Poi c’è la fede. Un tempo non troppo lontano, ero davvero fervente. Con “davvero” intendo in modo talmente acceso che tutti i miei amici che si ritenevano credenti da sempre, mi guardavano con curiosità, alcuni invidia. Credevo in Dio in modo talmente spregiudicato che la mia fede era cresciuta nelle provocazioni che avanzavo in ogni situazione, nelle domande prive di filtro tipiche dei bambini che scoprono il mondo solo in quel momento. Parlo al passato perché ora non sono più così accesa, non sono più una fiaccola per chi mi sta accanto da quel punto di vista e arranco nella fedeltà in una relazione che a volte non capisco. In ogni caso, ci sto dentro. Credo, in un modo pacato che a volte sembra semplicemente spento; un rivolo tenace in fondo in fondo scorre dentro l’anima e mi lavora da dentro, scavando un piccolo solco che mi tiene legata alla relazione con Dio. Uno dice “e che ci fai con Dio in questa situazione?”. Non so bene, ho giocato la carta di dire a mia mamma “Cos’hai da perdere? Perché non andiamo a Medjugorie?” ma lei mi ha risposto che la vede come una modalità opportunistica e nessuna delle due è sufficientemente motivata da trascinare l’altra.
L’unica cosa certa che so è che, nella fede, credo nello Spirito Santo. E allora, chiedo che invece di venire da me (che prego, vado a messa, etc.), se ne vada da lei per infonderle un po’ di pace e tanta di quella tenacia invisibile che ti rende forte e flessibile come un cavo d’acciaio, di quelli fatti con mille fili sottili che ingombrano poco ma possono sostenere pesi incredibili.
Quindi, abbiamo detto:
razionalità ✓
fede ✓
cosa resta?
Resta che vorrei trovare la formula magica per identificare l’essenza di vita per questo periodo e mi chiedevo: cosa potrei fare per essere più vicina, non solo fisicamente, ma anche emotivamente a mia mamma? Non solo rassicurandola razionalmente e vegliando su di lei spiritualmente, ma proprio, concretamente, per raggiungere quell’intimità che forse non abbiamo nemmeno mai avuto. Perché mi auguro che lei guarisca pienamente e allora avremo imparato finalmente a vivere in modo intensamente autentico il rapporto madre-figlia. E perché, se si posizionasse nelle fetta della torta statistica di quelli che non ce la fanno, io non abbia rimpianti e possa andare a ritroso nella storia degli ultimi mesi e leggere e rileggere che più di così non potevo fare, che il resto era fuori dalla mia portata e dal mio controllo.

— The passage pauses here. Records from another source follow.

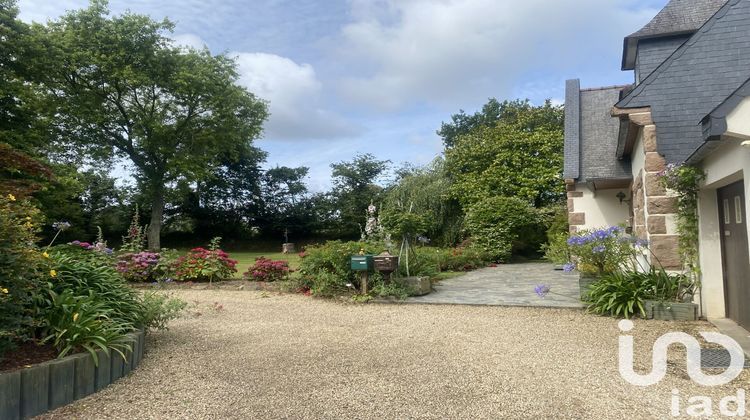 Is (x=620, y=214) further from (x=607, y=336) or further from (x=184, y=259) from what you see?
(x=184, y=259)

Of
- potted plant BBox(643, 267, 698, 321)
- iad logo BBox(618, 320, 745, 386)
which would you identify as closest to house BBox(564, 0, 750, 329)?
potted plant BBox(643, 267, 698, 321)

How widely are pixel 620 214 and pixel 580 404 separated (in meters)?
9.45

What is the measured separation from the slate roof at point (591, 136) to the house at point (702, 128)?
1.07 meters

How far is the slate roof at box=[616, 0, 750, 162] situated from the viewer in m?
6.34

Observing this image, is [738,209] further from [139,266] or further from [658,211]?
[139,266]

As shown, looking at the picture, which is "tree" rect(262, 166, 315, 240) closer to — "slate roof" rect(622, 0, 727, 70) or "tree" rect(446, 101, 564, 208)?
"tree" rect(446, 101, 564, 208)

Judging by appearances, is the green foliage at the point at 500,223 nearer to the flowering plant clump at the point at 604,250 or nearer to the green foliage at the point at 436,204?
the green foliage at the point at 436,204

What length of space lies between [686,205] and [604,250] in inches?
46.9

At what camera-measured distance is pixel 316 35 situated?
1048cm

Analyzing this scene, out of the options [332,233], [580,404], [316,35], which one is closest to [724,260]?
[580,404]

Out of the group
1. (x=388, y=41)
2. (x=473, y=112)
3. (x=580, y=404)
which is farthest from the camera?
(x=473, y=112)

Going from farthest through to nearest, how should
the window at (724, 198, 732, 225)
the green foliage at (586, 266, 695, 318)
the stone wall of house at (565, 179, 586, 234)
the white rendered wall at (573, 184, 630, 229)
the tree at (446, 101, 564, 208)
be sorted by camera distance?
1. the tree at (446, 101, 564, 208)
2. the stone wall of house at (565, 179, 586, 234)
3. the white rendered wall at (573, 184, 630, 229)
4. the green foliage at (586, 266, 695, 318)
5. the window at (724, 198, 732, 225)

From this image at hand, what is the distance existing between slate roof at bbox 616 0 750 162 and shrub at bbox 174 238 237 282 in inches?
353

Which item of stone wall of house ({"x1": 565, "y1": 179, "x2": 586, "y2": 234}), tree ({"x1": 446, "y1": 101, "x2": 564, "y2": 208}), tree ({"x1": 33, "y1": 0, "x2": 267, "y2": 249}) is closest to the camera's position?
stone wall of house ({"x1": 565, "y1": 179, "x2": 586, "y2": 234}) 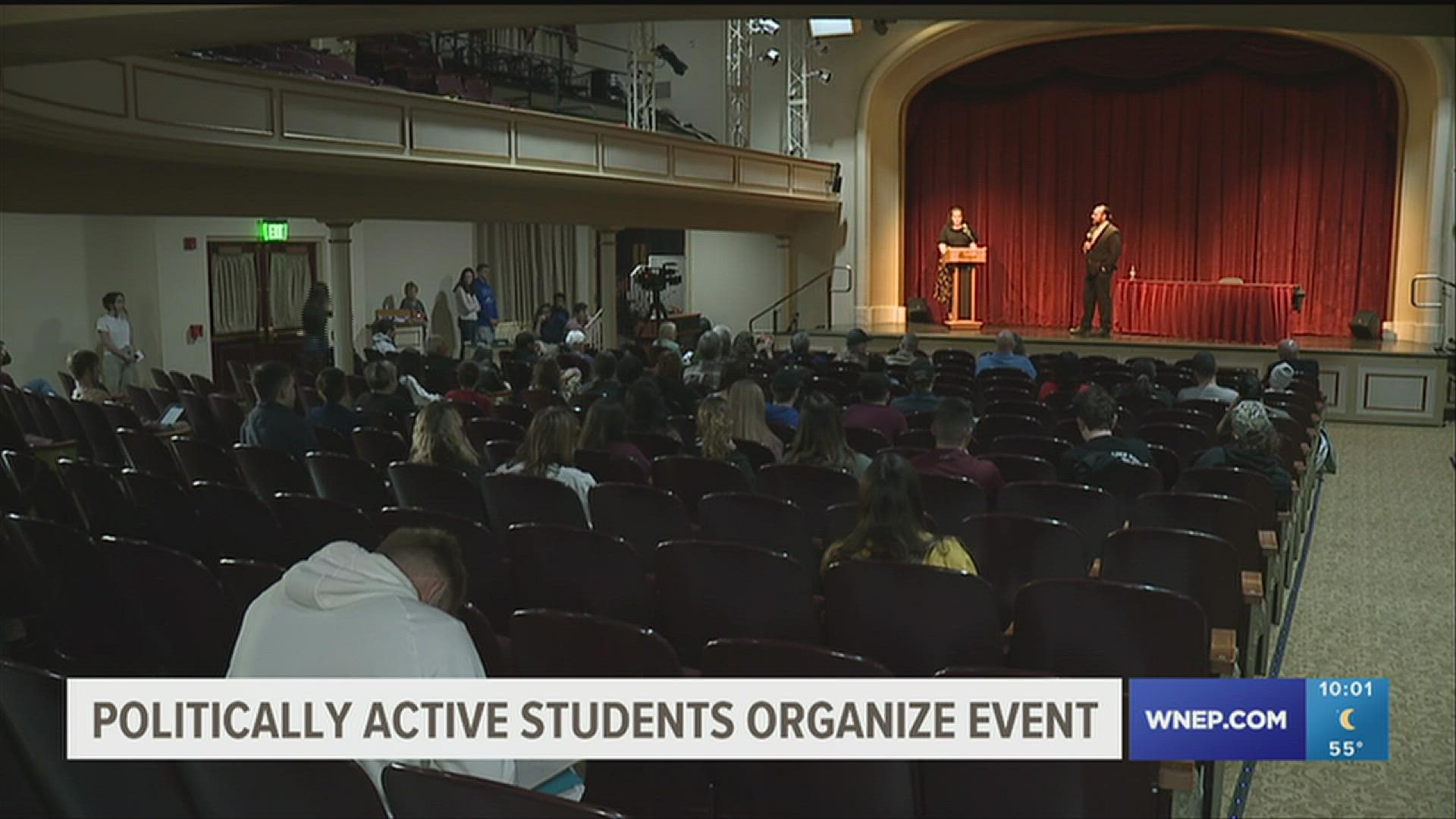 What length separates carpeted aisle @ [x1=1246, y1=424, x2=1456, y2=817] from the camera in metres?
4.18

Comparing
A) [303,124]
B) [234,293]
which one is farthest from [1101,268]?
[234,293]

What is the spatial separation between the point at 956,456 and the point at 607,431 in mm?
1760

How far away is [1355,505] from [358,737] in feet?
28.4

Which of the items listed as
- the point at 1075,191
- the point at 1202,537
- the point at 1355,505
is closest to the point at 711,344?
the point at 1355,505

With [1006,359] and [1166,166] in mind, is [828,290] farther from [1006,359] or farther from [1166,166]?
[1006,359]

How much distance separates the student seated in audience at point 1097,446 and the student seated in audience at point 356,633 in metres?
3.63

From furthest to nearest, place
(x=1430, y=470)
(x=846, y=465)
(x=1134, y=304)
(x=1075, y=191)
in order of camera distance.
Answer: (x=1075, y=191) < (x=1134, y=304) < (x=1430, y=470) < (x=846, y=465)

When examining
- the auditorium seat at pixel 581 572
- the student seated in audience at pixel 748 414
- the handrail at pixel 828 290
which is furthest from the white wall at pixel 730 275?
the auditorium seat at pixel 581 572

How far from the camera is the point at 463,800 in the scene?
2154 mm

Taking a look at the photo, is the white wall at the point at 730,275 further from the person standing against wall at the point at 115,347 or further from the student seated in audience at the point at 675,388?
the student seated in audience at the point at 675,388

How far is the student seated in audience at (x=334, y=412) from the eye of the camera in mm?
7105

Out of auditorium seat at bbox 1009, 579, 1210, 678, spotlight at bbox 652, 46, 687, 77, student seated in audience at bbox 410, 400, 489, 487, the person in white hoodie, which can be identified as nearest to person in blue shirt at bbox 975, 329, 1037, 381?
student seated in audience at bbox 410, 400, 489, 487

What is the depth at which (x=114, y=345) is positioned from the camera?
12195 millimetres

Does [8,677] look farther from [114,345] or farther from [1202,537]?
[114,345] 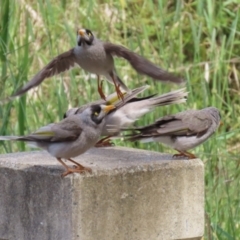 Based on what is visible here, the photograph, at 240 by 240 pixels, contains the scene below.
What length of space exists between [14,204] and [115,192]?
1.61 feet

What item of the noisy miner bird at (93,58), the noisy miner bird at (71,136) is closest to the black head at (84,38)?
the noisy miner bird at (93,58)

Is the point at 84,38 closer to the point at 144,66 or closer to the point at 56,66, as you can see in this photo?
the point at 56,66

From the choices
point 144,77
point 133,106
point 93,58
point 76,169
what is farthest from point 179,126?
point 144,77

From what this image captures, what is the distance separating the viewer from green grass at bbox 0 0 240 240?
5598 mm

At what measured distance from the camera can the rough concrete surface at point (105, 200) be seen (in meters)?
3.45

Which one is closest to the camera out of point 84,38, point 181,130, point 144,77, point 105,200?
point 105,200

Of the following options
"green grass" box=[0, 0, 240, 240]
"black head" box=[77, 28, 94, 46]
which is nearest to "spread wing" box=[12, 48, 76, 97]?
"black head" box=[77, 28, 94, 46]

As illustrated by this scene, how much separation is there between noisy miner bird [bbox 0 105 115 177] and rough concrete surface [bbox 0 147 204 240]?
90mm

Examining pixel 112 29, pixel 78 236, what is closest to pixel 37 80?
pixel 78 236

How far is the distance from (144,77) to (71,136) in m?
3.84

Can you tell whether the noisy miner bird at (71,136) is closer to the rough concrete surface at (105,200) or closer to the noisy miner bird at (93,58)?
the rough concrete surface at (105,200)

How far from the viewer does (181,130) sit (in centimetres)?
494

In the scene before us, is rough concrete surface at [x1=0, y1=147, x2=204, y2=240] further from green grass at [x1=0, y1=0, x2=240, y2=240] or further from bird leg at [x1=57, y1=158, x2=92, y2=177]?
green grass at [x1=0, y1=0, x2=240, y2=240]

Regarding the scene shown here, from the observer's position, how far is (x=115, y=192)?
3521mm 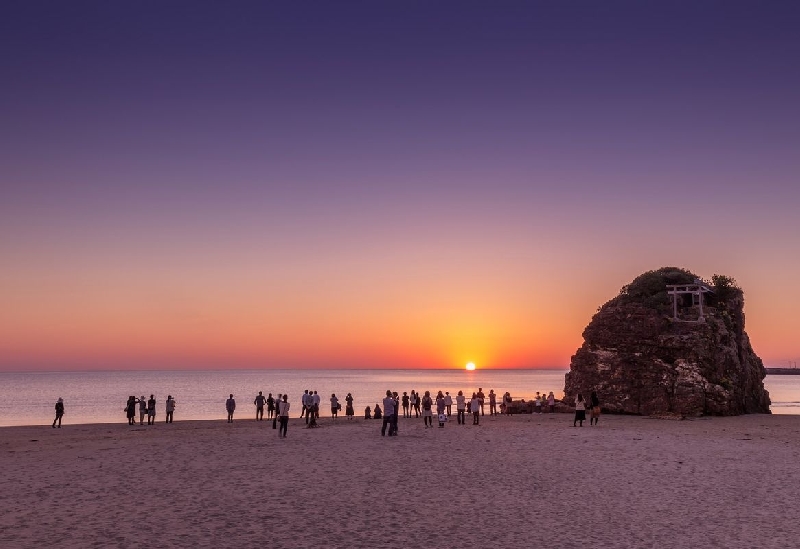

Ho pensato che potrei raccogliere le sue memorie, lei mi racconta e io intanto scrivo. Ma non sarebbe freddo e meccanico? Potrei semplicemente chiederle delle storie e ascoltarla. Il problema è che non siamo abituate a questo tipo di conversazioni, servirebbe uno spunto che ci motivi a farlo in modo costante e metodico. Mi piacerebbe farlo, anche per lei, perché riveda la sua vita e faccia pace con il suo passato. Qualunque cosa succeda, sarebbe positivo.
Il decluttering applicato ai ricordi di una vita, invece che al guardaroba. O forse potremmo partire proprio da lì, dagli oggetti, e legarci le storie di conseguenza. Vediamo.